It can be tough to pull the trigger on the type of retirement fund that’s the “best fit” for you. (Are there retirement fund pamphlets all over your kitchen table? Is your laptop left open to articles that read, “Your retirement fund: Which one won’t poison your portfolio?” Rest easy — it’s totally normal.)

Compare your retirement woes to today’s 17-year-old’s impending decision. Every college-bound kid’s got to wade through stacks of various college viewbooks. His Apple Watch bursts with messages like, “Hiya, Joe. This your admission counselor, and we’re going to send you messages about 350 times a month until you visit XYZ University.”

Have you ever thought about how planning for retirement and college are eerily similar? Just think about it! In both cases, you’ll take some of the same steps:

  • Research your options
  • Get the employer match (find the right financial aid match)
  • Plan a visit
  • Hope you won’t choose the same one as your best bud
  • List the pros and cons
  • Make a life-changing decision
  • Move in

Here’s what you can do to make sure your retirement is as on-target as your choice for your future alma mater.

Step 1: Research Your Options

Admittedly, researching colleges might be a bit more fun than researching your retirement options (spending a weekend on a college campus versus analyzing asset allocations — I mean, which would you rather do?) As with most things in the 21st century, the college search process and retirement both start with robust online research.

Your investment choices ultimately depend on your wants and needs, and they might also depend on what your employer can offer you. Examine what’s on the table just as you would when you choose the best college for you. Private college or public university? Go halfway across the country or stick close to home? Opt for an excellent biology program or stellar intramural program instead?

There are a few key types of retirement funds you’ll want to know about. In most cases, you’ll start with your employer-sponsored plan.

But what happens if your employer doesn’t offer a retirement plan? You have options, and here are a few of them:

  • 401(k): A 401(k) is a retirement plan that’s sponsored by your employer. A 401(k) allows you to save a portion of your paycheck before taxes and put the money into investments of your choice. You pay taxes on your contributions, the employee match, and any growth when you retire.
  • Roth 401(k): A Roth 401(k) is also a plan sponsored by your employer. However, there’s a distinct difference compared to a Traditional 401(k). A Roth 401(k) allows you to save a portion of your paycheck after taxes.

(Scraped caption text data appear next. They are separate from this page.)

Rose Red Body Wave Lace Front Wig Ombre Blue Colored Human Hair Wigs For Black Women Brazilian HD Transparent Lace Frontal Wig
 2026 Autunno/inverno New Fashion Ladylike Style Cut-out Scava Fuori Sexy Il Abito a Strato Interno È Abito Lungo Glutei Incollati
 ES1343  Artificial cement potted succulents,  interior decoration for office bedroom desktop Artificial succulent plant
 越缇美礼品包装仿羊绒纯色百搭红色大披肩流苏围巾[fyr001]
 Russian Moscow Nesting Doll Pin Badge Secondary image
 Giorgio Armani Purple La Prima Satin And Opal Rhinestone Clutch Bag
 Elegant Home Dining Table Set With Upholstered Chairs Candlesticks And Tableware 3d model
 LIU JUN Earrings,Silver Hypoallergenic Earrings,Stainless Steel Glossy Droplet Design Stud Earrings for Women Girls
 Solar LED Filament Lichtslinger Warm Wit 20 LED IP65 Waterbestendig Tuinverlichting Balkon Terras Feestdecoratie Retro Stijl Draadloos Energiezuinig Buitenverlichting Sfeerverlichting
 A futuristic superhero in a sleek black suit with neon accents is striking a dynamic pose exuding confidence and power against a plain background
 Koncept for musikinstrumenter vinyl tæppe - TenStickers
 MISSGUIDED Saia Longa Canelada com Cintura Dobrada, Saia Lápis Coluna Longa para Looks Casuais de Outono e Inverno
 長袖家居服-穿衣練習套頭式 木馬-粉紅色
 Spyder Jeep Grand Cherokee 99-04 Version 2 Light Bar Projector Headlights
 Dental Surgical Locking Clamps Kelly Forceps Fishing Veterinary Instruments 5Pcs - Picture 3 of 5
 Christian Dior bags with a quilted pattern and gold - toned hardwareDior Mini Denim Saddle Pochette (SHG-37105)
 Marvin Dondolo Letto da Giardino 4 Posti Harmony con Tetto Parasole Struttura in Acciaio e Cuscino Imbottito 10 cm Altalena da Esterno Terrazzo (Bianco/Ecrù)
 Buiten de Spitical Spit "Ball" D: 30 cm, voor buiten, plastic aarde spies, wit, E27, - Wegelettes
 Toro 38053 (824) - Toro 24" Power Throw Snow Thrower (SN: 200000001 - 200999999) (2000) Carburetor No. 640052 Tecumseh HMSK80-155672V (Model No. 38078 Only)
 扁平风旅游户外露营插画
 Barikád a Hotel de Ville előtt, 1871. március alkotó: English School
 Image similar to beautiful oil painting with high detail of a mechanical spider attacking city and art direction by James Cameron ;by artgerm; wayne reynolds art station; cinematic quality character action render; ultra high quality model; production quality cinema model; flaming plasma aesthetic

You don’t pay taxes on your contributions or any growth when you retire.
  • 403(b): A 403(b) is a lot like a 401(k), but it’s for employees of public schools and certain tax-exempt organizations. You don’t have to pay any taxes on allowable contributions until you withdraw from your plan in retirement.
  • Roth 403(b): A Roth 403(b) is also called a tax-sheltered annuity or TSA plan. Just like a 403(b), a Roth 403(b) is an option if you’re an employee of a non-profit agency, such as a public school or entity that’s a 501(c)(3) organization. The only difference between a 403(b) and a Roth 403(b) is that you save a portion of your paycheck after taxes. You don’t pay taxes on your contributions or any growth when you retire.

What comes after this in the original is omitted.